Die Missionen in Afghanistan, in Sudan und Südsudan sowie im Mittelmeer laufen jeweils schon seit Jahren, bleiben in wesentlichen Punkten unverändert und mussten eigentlich nur verlängert werden. Dennoch verursachten sie im Parlament einen Haufen Arbeit: Erste Lesung, Beratungen, Anhörungen, Expertengespräche, Schlussabstimmung. Ohne die Zustimmung der Abgeordneten darf kein bewaffneter deutscher Soldat in einen Einsatz geschickt werden. Das ist langwierig.

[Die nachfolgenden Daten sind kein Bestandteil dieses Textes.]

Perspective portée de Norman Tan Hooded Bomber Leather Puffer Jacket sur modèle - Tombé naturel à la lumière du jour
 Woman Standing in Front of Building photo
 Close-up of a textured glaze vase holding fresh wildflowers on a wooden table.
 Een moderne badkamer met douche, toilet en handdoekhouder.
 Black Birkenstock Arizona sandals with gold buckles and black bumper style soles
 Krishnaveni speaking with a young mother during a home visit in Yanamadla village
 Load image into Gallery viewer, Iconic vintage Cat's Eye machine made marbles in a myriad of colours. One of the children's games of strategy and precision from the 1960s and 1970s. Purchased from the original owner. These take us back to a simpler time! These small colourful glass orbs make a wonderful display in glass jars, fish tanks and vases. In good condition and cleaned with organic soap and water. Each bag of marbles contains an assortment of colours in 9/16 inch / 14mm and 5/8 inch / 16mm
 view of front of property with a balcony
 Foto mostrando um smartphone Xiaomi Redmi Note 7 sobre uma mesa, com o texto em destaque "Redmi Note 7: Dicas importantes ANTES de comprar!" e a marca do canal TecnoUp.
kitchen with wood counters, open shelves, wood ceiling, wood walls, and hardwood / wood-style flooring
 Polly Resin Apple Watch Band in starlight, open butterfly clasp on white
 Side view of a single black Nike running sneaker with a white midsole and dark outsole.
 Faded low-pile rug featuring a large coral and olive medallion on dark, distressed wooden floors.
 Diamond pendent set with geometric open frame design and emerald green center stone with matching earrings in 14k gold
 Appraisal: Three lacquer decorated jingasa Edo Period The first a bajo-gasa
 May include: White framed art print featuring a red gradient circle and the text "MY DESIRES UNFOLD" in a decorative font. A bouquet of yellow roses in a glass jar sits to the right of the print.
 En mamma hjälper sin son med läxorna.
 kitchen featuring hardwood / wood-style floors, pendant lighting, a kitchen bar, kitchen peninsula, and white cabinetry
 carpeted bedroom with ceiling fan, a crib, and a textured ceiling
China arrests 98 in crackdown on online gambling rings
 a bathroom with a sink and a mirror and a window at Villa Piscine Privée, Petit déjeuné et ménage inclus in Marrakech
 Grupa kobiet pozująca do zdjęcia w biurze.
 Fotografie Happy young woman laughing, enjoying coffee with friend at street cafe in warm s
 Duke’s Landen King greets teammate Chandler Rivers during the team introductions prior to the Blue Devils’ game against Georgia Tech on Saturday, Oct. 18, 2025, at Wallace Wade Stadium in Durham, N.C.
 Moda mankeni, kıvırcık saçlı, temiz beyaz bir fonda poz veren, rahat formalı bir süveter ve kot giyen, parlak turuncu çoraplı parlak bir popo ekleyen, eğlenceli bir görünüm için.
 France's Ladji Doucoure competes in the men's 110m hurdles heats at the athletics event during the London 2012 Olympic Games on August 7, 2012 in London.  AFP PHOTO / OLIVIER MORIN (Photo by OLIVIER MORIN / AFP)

Das kritisieren viele, vor allem mit Blick auf die Pläne für schnelle und schlagkräftige Einheiten, an denen sich die Bundeswehr sowohl im Nato-Rahmen als auch unter EUFlagge beteiligen soll. Vernetzung und Integration heißen die Zauberwörter, die es den europäischen Armeen trotz begrenzter Mittel ermöglichen sollen, international mitzumischen. Kanzlerin Angela Merkel (CDU) ist dafür sogar bereit, die strengen deutschen Rüstungsexportrichtlinien ein wenig zu lockern.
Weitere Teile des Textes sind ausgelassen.